To stabilize the controller, we can try to more rapidly decelerate the crane as it approaches the desired position, to drive the velocity to zero and avoid overshooting. To accomplish this more rapid deceleration, consider adding another feedback term, proportional to the change in error,

a[n] = K_p e[n] + K_d \frac{e[n] - e[n-1]}{\Delta T}.
where the position error, e[n] is defined as
e[n] \equiv d_{in}[n] - d[n].

The intuition for using the change in error from one sample to the next is most easily understood for the case of a constant desired position (d_{in}[n] = d_{in}[n-1]). In this case, the error difference is the approximately the negative of the crane velocity,

\frac{e[n] - e[n-1]}{\Delta T} = \frac{d[n-1] - d[n]}{\Delta T} \approx - v[n]

So, Delta feedback reduces the crane acceleration when the velocity is large!
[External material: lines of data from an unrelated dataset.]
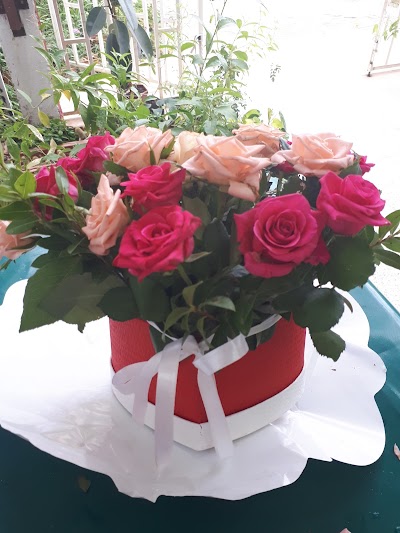 Photos of Fleuriste (Mimosa Flowers)
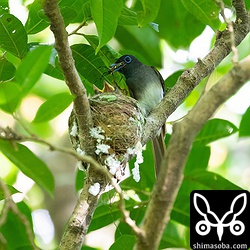 メスは、かなり大きなクモを持って来た。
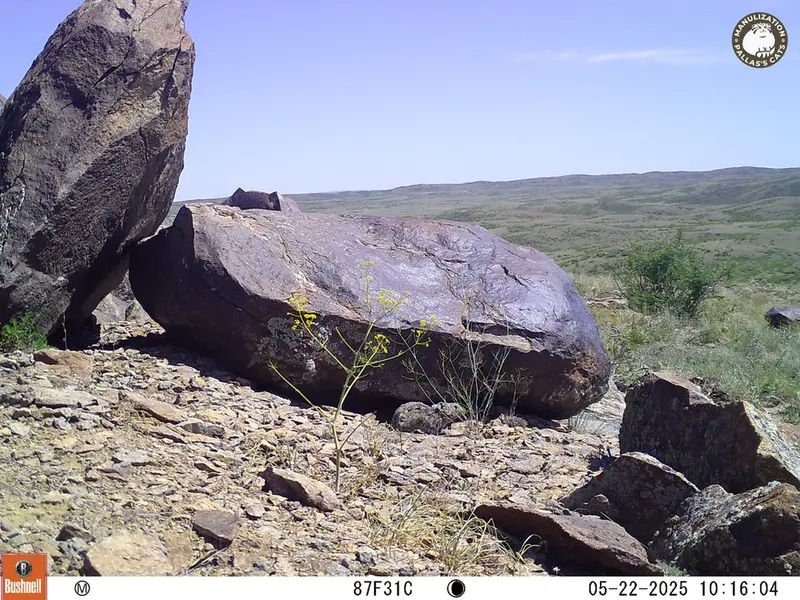 A photograph of Kazakh pika from Koshkar camera trap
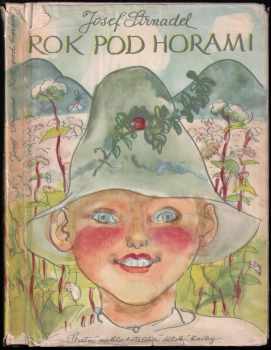 Rok pod horami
Exactly what we need, a controller term that also drives the velocity to zero while driving the position error to zero . The result, we hope, is that the crane gets to the right position and with zero velocity, and stops.
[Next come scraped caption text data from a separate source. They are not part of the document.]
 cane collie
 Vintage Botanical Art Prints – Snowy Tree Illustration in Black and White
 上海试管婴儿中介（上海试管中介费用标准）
In order to determine if our intuition is correct, we will need to evaluate the natural frequencies of the crane with proportional plus this delta (PD) feedback. To do so, we substitute the PD controller for the acceleration in the equations for the crane,

d[n] - 2d[n-1] + d[n-2] = \left(\Delta T\right)^2 \left( K_p e[n-2] + K_d \frac{e[n-2] - e[n-3]}{\Delta T} \right).

Reorganizing, and assuming d_{in}[n] =0, because we only need the homogenous equation for natural frequencies,

d[n] - 2d[n-1] + \left(1 + \left(\Delta T\right)^2\left(K_p+\frac{K_d}{\Delta T}\right)\right) d[n-2] -\left(\Delta T\right)^2 \frac{K_d}{\Delta T} d[n-3] = 0.

Now we have a third-order difference equation, and must find the roots of a cubic equation to determine the natural frequencies. There is an analytic formula for roots of cubics, but it is complicated to apply, and we suggest using a numerical procedure (like the roots function in matlab or numpy). As an example, if Delta T = 0.01, K_p = 10 and K_d = 0.5, the natural frequencies are approximately 0.997 + 0.0316 j, 0.997 - 0.0316 j and 0.005, all less than one in magnitude, so the system is stable. And its step response (normalized) oscillates, but does stabilize.

A normalized step response for the pd controller applied to the crane system, for proportional gain = 10 and delta gain = 0.5.

The above coefficients result in stable, but oscilitory behavior. Can we improve performance? For the first-order speed control problem, we could dramatically improve stability by increasing the sample rate (decreasing \Delta T). Does reducing \Delta T = 0.01 to \Delta T = 0.001 improve the controller behavior in this case?

Determine the natural frequencies of the crane control system for the \Delta = 0.001 case and enter them (in any order) in the boxes below. (NOTE: Use j=\sqrt {-1} and enter decimal representations in place of fractions wherever necessary. For example, the complex number \frac{7}{8}+\frac{1}{2}j is entered as 0.8750+0.5000j.) Note: you must enter the answer as a Python list for the autochecker to work, for example, '[0.9003+0.1021j,0.9003-0.1021j,0.5005]').

natural frequencies =

If you examine the natural frequencies for the \Delta T = 0.001 case, the situation APPEARS worse, because the largest magnitude \lambda's for the \Delta T = 0.001 case are slight larger than for the \Delta T = 0.01 case. However, if one plots step responses from both cases on the same time axis (as below), they appear to be nearly identical.

How well can you do with PD control? Since the crane system with PD feedback is identical, other than a scaling factor, to the system for controlling copter-levitated arm position, we will defer addition analysis to the Lab. And as we will see in lab, Root-Locus plots will help us optimize our designs.